(July 10, 2012) A California Chamber of Commerce-opposed “job killer” bill that once finalized is expected to inflate litigation and insurance costs will be awaiting Assembly action when legislators return from their summer recess.
The Consumer Attorneys of California are sponsoring SB 1528 (Steinberg; D-Sacramento) in an attempt to overturn the recent and well-reasoned California Supreme Court case, Howell v. Hamilton Meats ((2011) 52 Cal.4th 541). That case addressed the question of whether a plaintiff could recover for past medical damages stated in a health care provider’s bill but never actually paid or owed by the plaintiff.

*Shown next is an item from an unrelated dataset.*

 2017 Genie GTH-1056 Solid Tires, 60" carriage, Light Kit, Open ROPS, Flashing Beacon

The court stated: “we hold no such recovery is allowed, for the simple reason that the injured plaintiff did not suffer any economic loss in that amount.” Long-standing principles of law, codified in California in 1873, provide the measure of damages to a person is the amount that will compensate for the detriment that was caused. California has more than 100 years in developing an eminently equitable tort system designed to compensate individuals harmed by another’s action. The point is to make the plaintiff whole of the injuries suffered, not to provide the plaintiff with a windfall.

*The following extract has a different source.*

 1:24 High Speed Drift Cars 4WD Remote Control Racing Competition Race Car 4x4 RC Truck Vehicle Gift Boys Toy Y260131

However, overturning Howell and well-established law will provide a plaintiff with just that: a windfall. Such a change in the law will artificially inflate litigation costs, encourage the filing of more lawsuits, and dramatically increase the rates for automobile, workers’ compensation, and general liability insurance to the detriment of individuals and employers alike.
The CalChamber and coalition members oppose the policy of the bill and also the approach being used to make such a dramatic change in the law. Although the sponsor and the author of SB 1528 have directly stated their intent to overturn the Howell decision, the bill has yet to be amended with the final language. With only a month left in the session once the Legislature returns in August, any final amendments made to the bill will leave little time for a thorough airing and debate of the proposed policy in committee or floor sessions. The coalition believes that avoiding these processes further undermines public trust in the process.
SB 1528 passed the Assembly Judiciary Committee on July 3, 6-4.
Ayes: Atkins (D-South Park/Golden Hill), Dickinson (D-Sacramento), Feuer (D-Los Angeles), B. Lowenthal (D-Long Beach), Monning (D-Carmel), Wieckowski (D-Fremont).
Noes: Gorell (R-Camarillo), Huber (D-El Dorado Hills), Jones (R-Santee), Wagner (R-Irvine).